GE Nears $20 Billion Asset-Sale Target on Element Fleet Deal

General Electric Co.’s deals to sell the bulk of its vehicle fleet-management business push the company near a goal of unloading at least $20 billion of finance assets before the quarter ends.

Canada’s Element Financial Corp. will acquire GE Capital’s fleet assets in the U.S., Mexico, Australia and New Zealand for $6.9 billion. GE also said Monday that it signed a provisional accord with Arval, a subsidiary of BNP Paribas, to sell the European portions of the leasing operations.

The agreements represent about $8.6 billion in assets, excluding cash and some liabilities, and come less than a month after GE sold its $11 billion U.S. private-equity lending business to Canada Pension Plan Investment Board. GE executives said last month they expect to announce $20 billion to $30 billion of asset sales before the end of June.

“The pace of the divestitures is going well,” Jim Corridore, a Standard & Poor’s Capital IQ analyst, said in a note to clients. He rates GE as buy.

GE Capital has said its top sale priorities are unloading units that finance health-care businesses and foreign buyouts. The company has received bids for the health-care division from Capital One Financial Corp., Apollo Global Management, Ares Management LP and Ventas Inc., people familiar with the matter said last week.

GE fell 1.7 percent to $26.64 at the close in New York amid a global selloff in equities triggered by the Greek financial crisis. Element rose 1.7 percent to C$19.19 in Toronto.

‘On Track’

GE plans to shed about $200 billion of lending assets to refocus on industrial operations after GE Capital’s struggles during the 2008 financial crisis imperiled the parent company. Fairfield, Connecticut-based GE will retain divisions that support manufacturing -- including aircraft leasing, a boost for jet-engine production -- while unloading the fleet unit and similar businesses.

GE Capital has announced about $63 billion in sales to date. The company remains “on track” to sell about $100 billion of assets by the end of the year and be mostly done in 2016, GE Capital Chief Executive Officer Keith Sherin said Monday in a statement.

“We continue to demonstrate speed and execution on our strategy to sell most of the assets of GE Capital,” Sherin said. “This announcement is the next step in GE’s transformation to a more focused industrial company.”

Autos, Trucks

GE Capital Fleet Services leases and manages more than 1.5 million autos and trucks, mostly in the U.S., for mid-sized and large companies including Hewlett-Packard Co. The assets in Japan weren’t included in the deals with Element and Arval.

The fleet business will complement Element’s growing vehicle division, located mostly in North America. The Toronto-based company bought GE Capital’s Canadian fleet business in 2013 and created a Canadian-U.S. partnership.

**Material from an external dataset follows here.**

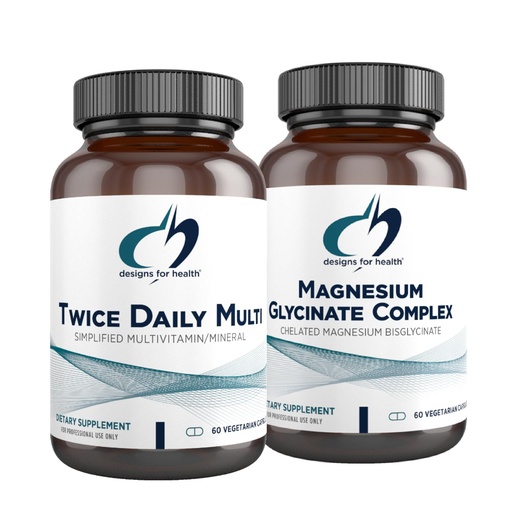 [BRSROGLYBEIR4YDU] Designs for Health Magnesium Glycinate Complex (60 Capsules) & Twice Daily Multi (60 Capsules) Bundle - Premium Multivitamin with Folate & High Absorption Magnesium Supplement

In 2014, Element expanded further by purchasing the North American fleet management business of PHH Corp., PHH Arval.

The GE transaction is Element’s largest and accelerates growth plans as the company continues to look for more deals, executives said on a conference call Monday.

The U.S. and Mexico portion of the deal is expected to close in the third quarter, and the Australia and New Zealand part in the fourth quarter, GE said.

JPMorgan Chase & Co. advised GE on the transaction, with legal services provided by Weil, Gotshal & Manges LLP. Bank of Montreal, Barclays Plc, INFOR Financial Inc. and Canadian Imperial Bank of Commerce served as financial advisers to Element, while Blake, Cassels & Graydon LLP and Cravath, Swaine & Moore LLP acted as legal counsel.